南畝が詠んだように、初鰹は庶民である江戸っ子の口にはなかなか入りませんでした。それだけ高価な食べ物でした。「初鰹 薬のやうに もりさばき」という川柳が詠まれたように、手に入れられたとしても、貴重な薬を盛るかのように、わずかずつ分け合うのが関の山でした。しかし、幕末に入ると熱狂も薄れ、値段も下落していきました。
2017.07【江戸の鰻】
夏が近づいてくると、鰻の話題がいろいろなメディアで取り上げられるようになりますが、江戸の鰻と言えば蒲焼でしょう。
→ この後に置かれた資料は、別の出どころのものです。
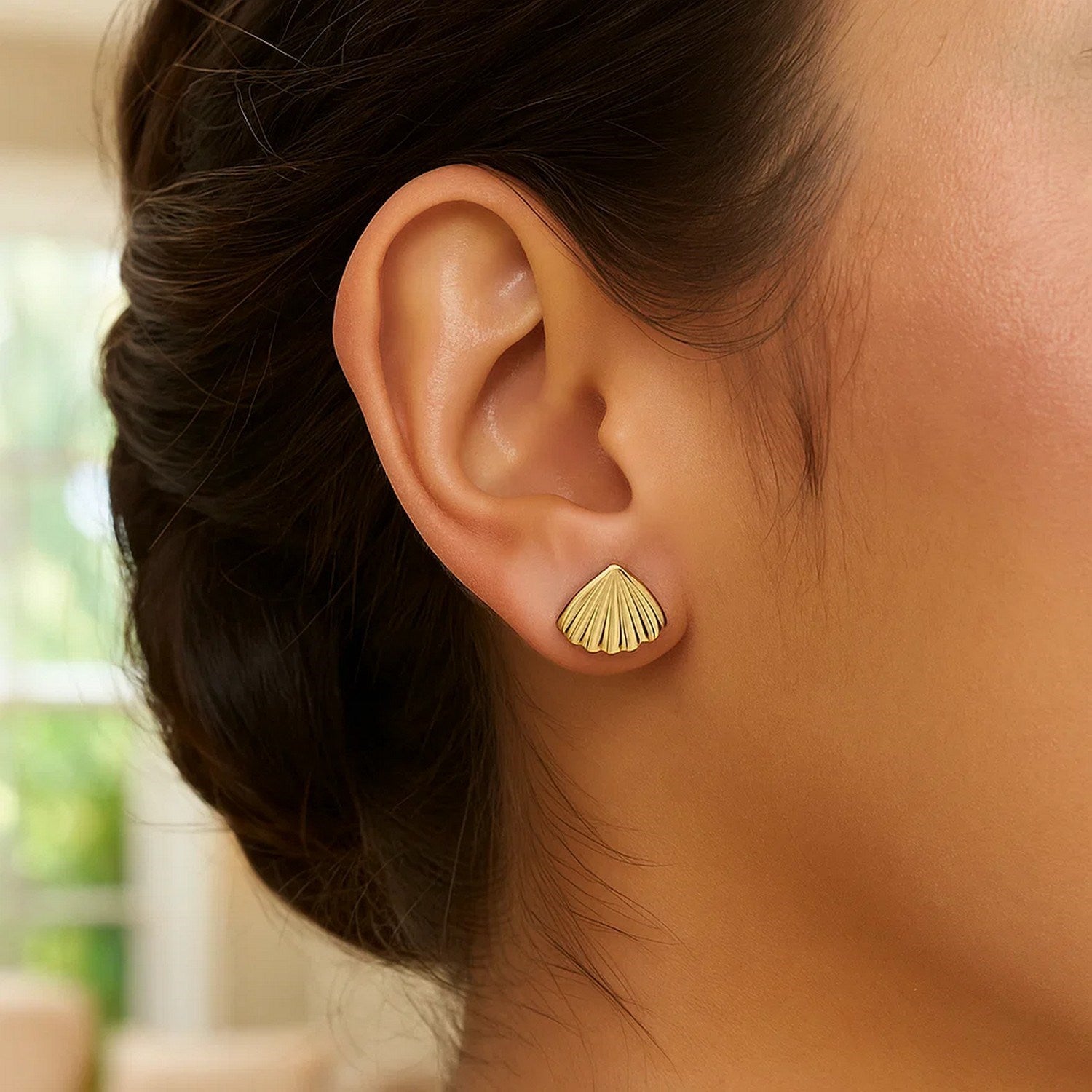 Sea Shell Stud Earrings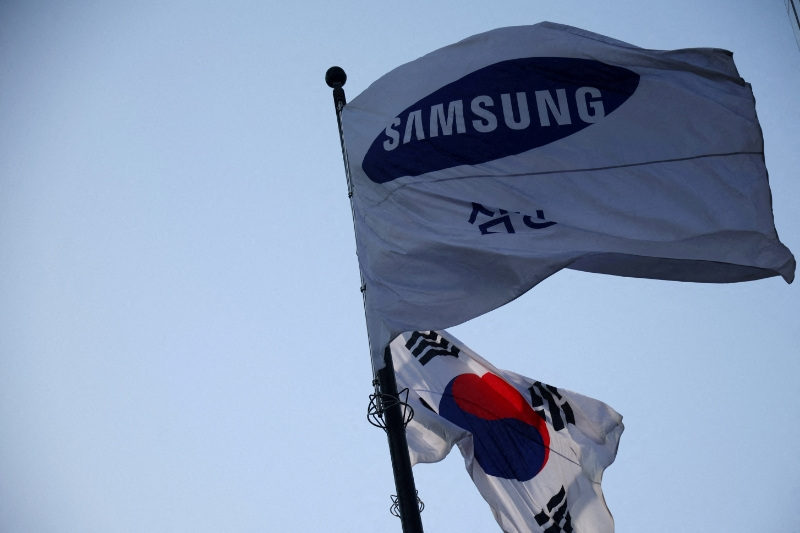 Samsung Electronics, union hold last-ditch talks to avert strike threatening global supply chains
身を開いて骨を取り、串に刺した上でタレを付けて焼く蒲焼という製法は、上方で生まれ江戸に伝わりました。江戸で鰻が好まれたのは、真水と海水が入り混じった隅田川の河口で育つ鰻が美味だったからと言います。タレは、江戸と上方で異なっていました。江戸は醤油に味醂、上方では醤油に清酒を加えたものが使われました。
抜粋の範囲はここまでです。